WHAT THE EXERCISE ASKS ▸
Transcribe the line holding "跨境麂皮绒包包女2025秋冬" together with every line after it, through the end of the records, exactly and with no pictures.
[DATASET EXCERPTS — start]
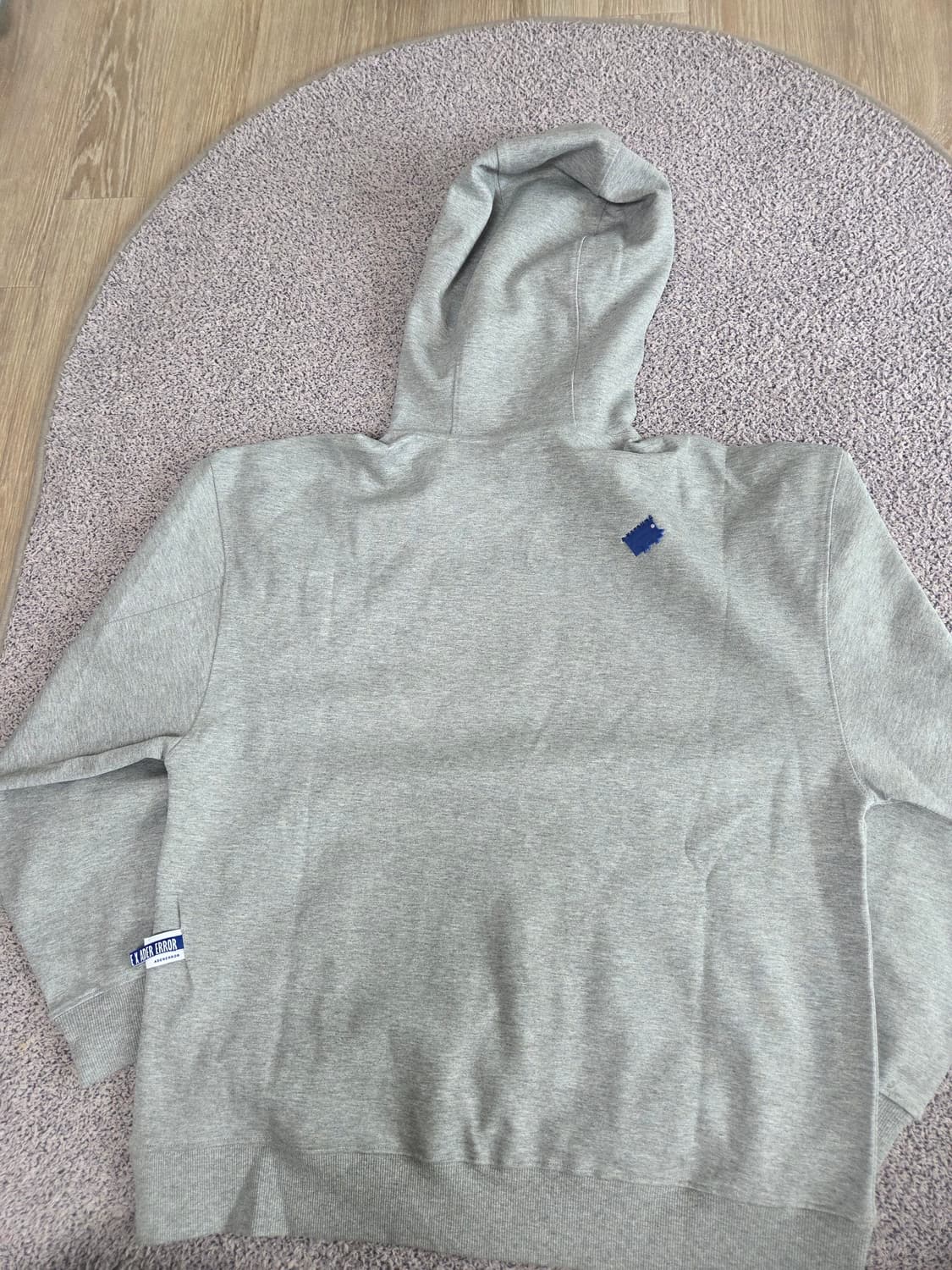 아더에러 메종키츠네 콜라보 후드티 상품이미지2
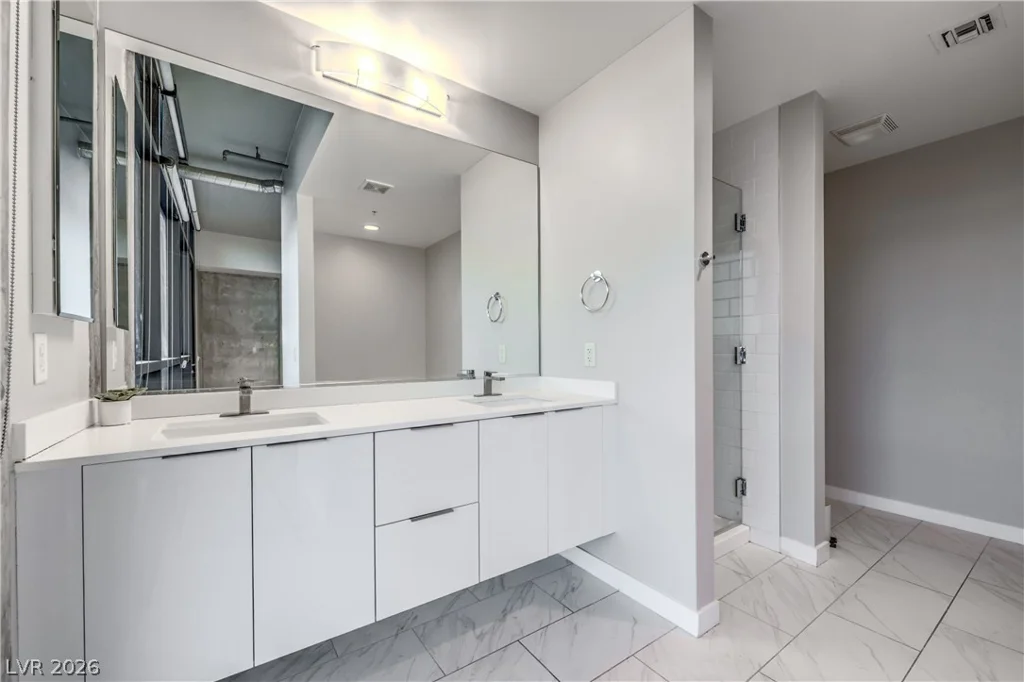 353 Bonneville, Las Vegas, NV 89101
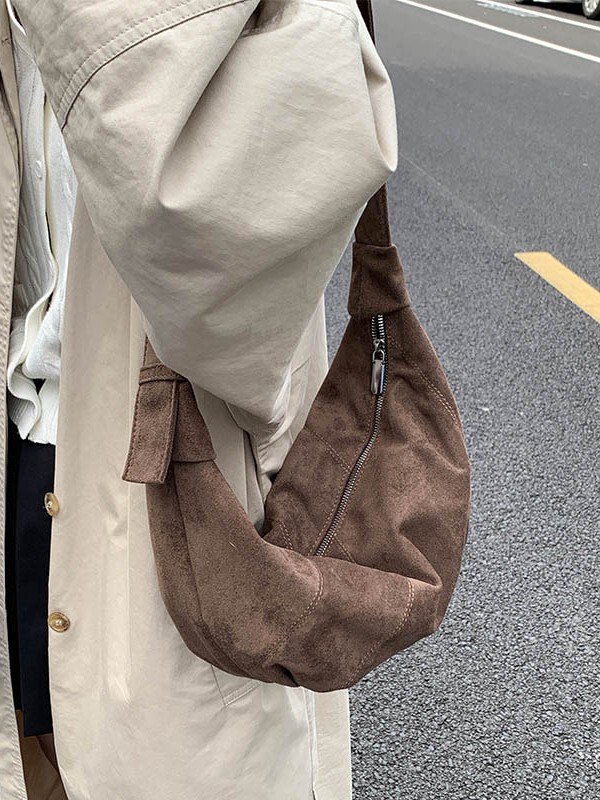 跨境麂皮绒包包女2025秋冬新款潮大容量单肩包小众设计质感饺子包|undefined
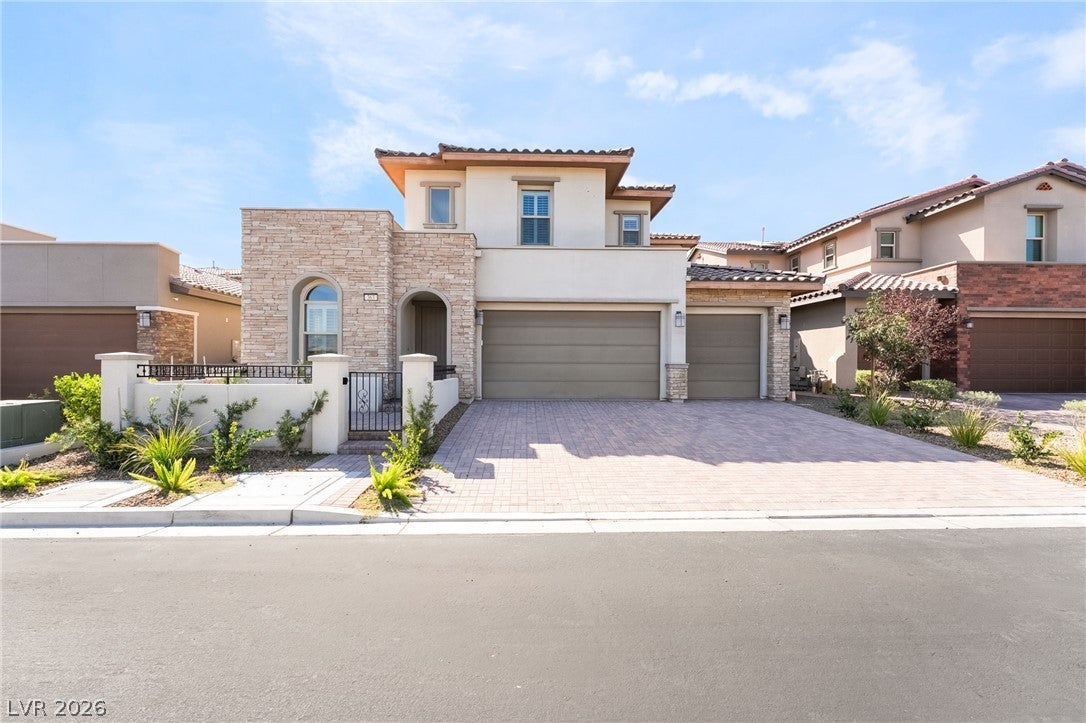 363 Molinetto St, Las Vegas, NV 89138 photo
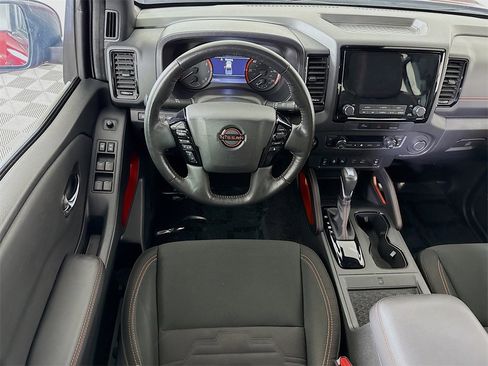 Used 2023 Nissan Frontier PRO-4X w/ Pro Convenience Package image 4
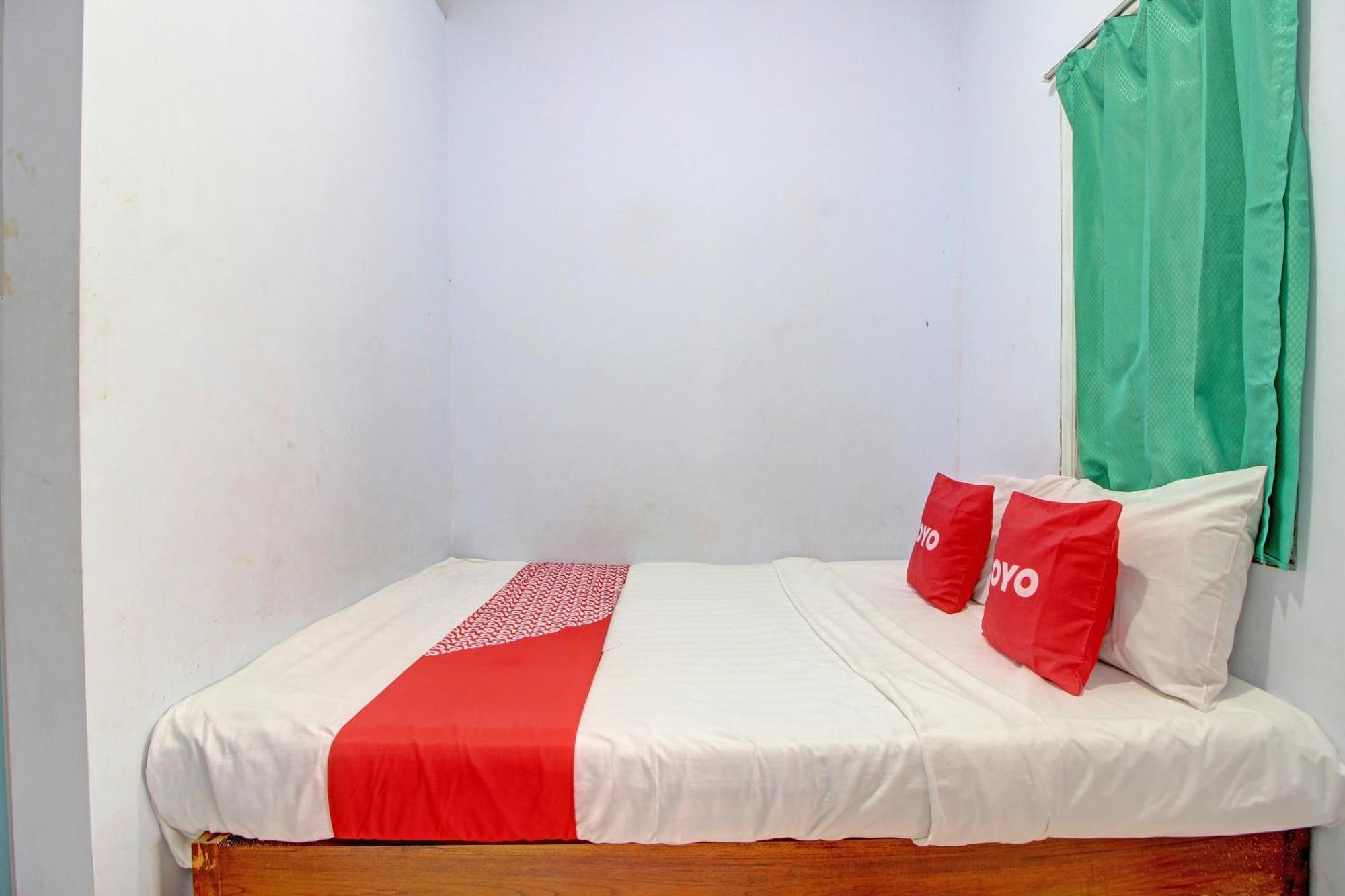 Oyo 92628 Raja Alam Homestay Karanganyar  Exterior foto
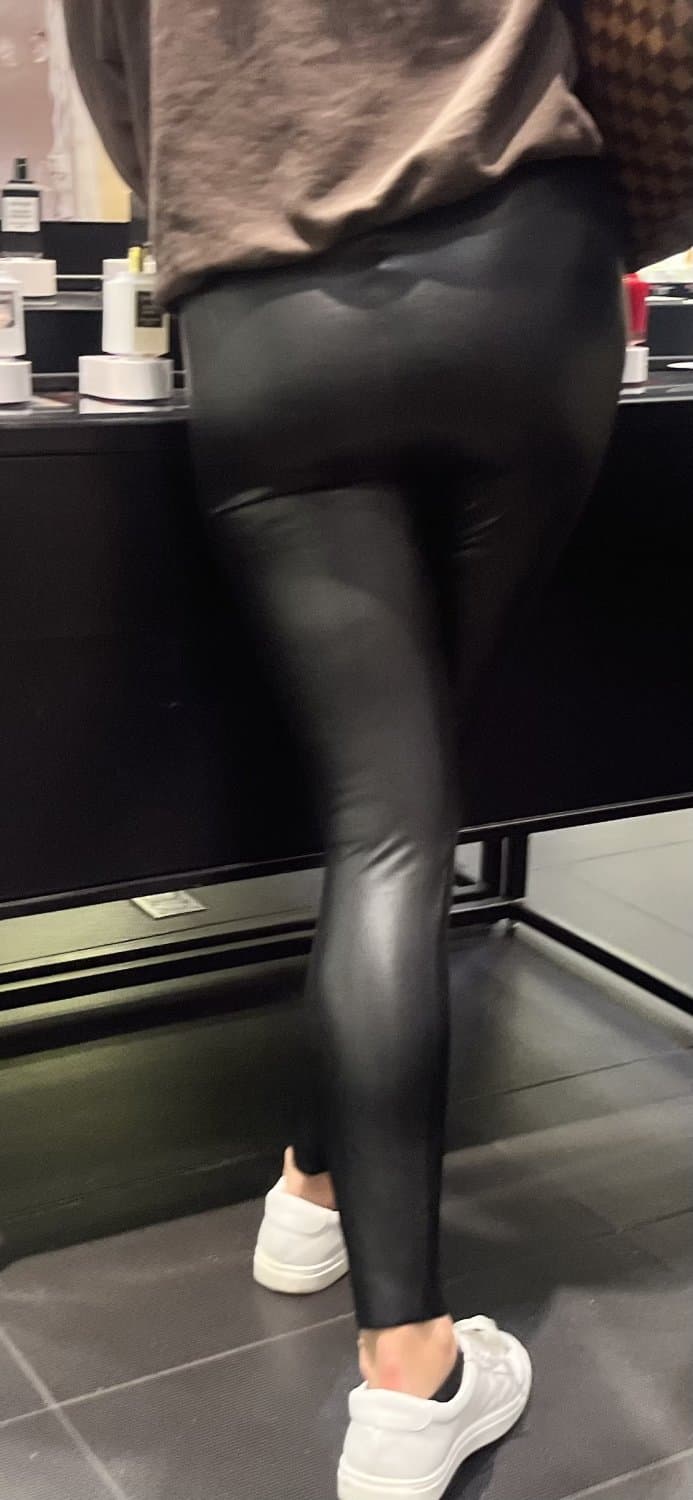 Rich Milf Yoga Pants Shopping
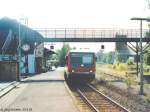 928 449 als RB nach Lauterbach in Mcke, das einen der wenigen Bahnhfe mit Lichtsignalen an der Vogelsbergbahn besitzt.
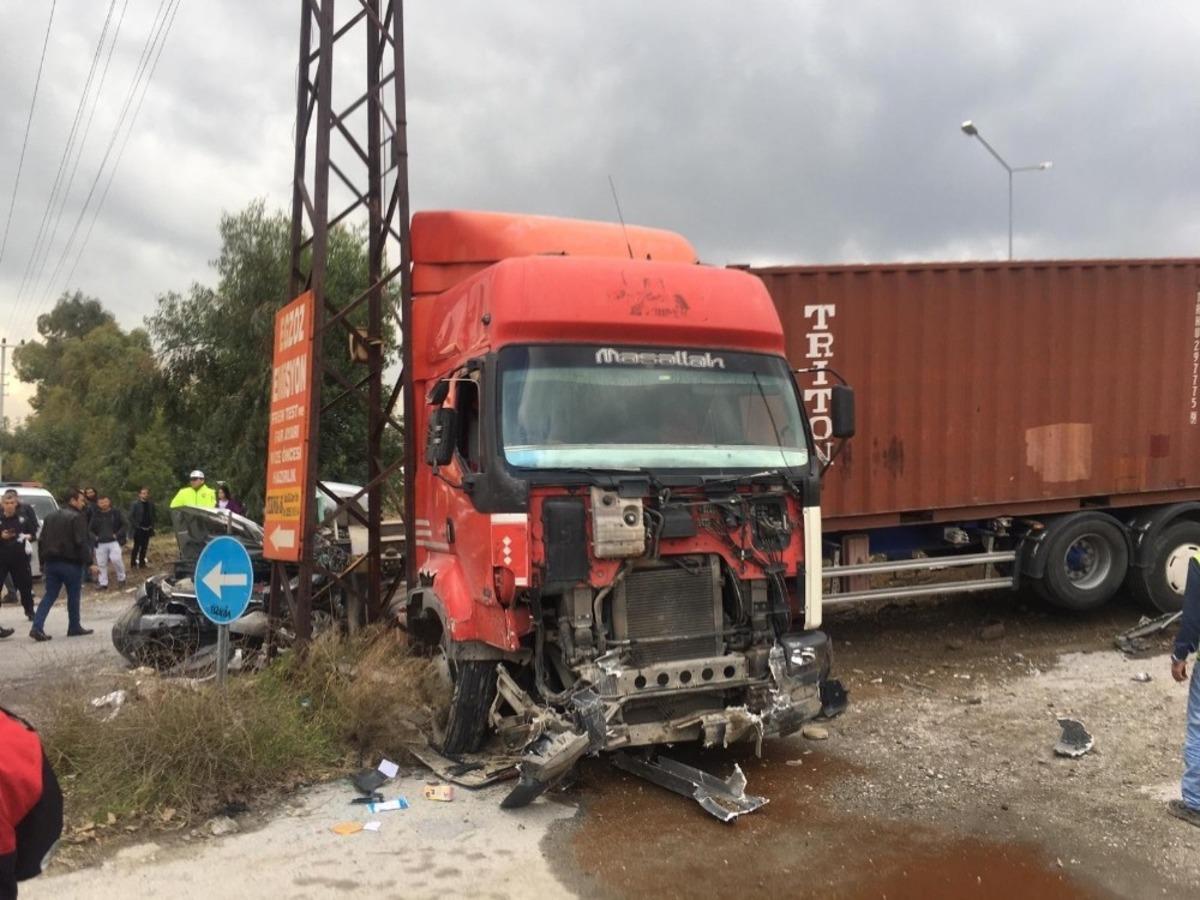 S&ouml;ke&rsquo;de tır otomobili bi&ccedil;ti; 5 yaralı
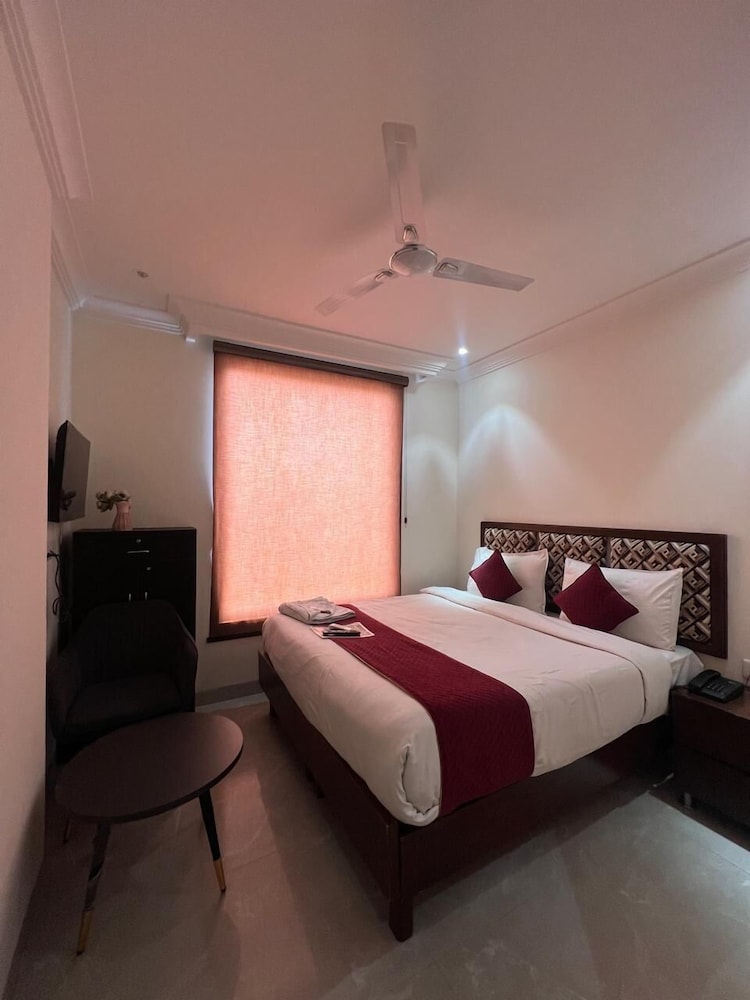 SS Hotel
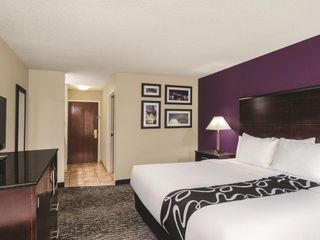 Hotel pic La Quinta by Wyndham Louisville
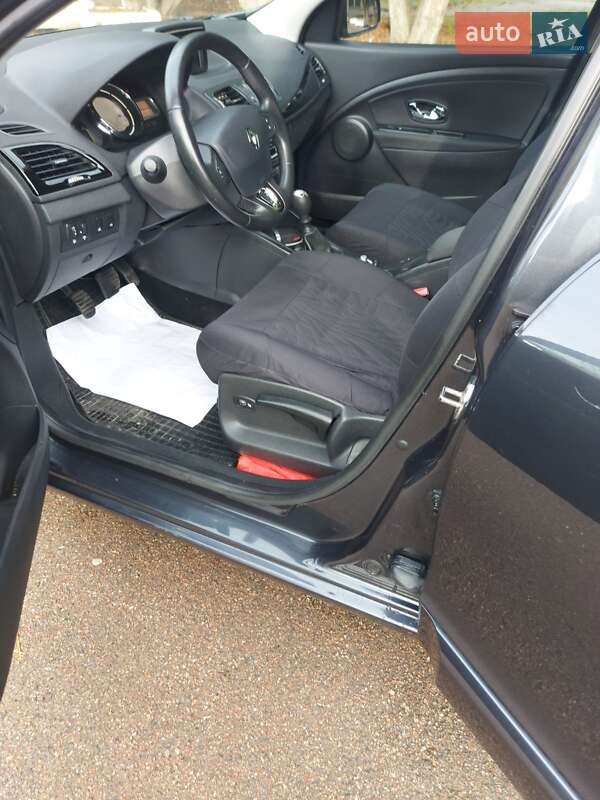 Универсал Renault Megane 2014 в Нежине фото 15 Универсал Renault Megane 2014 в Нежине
[DATASET EXCERPTS — finish]
RESULT ▸
 跨境麂皮绒包包女2025秋冬新款潮大容量单肩包小众设计质感饺子包|undefined
 363 Molinetto St, Las Vegas, NV 89138 photo
 Used 2023 Nissan Frontier PRO-4X w/ Pro Convenience Package image 4
 Oyo 92628 Raja Alam Homestay Karanganyar  Exterior foto
 Rich Milf Yoga Pants Shopping
 928 449 als RB nach Lauterbach in Mcke, das einen der wenigen Bahnhfe mit Lichtsignalen an der Vogelsbergbahn besitzt.
 S&ouml;ke&rsquo;de tır otomobili bi&ccedil;ti; 5 yaralı
 SS Hotel
 Hotel pic La Quinta by Wyndham Louisville
 Универсал Renault Megane 2014 в Нежине фото 15 Универсал Renault Megane 2014 в Нежине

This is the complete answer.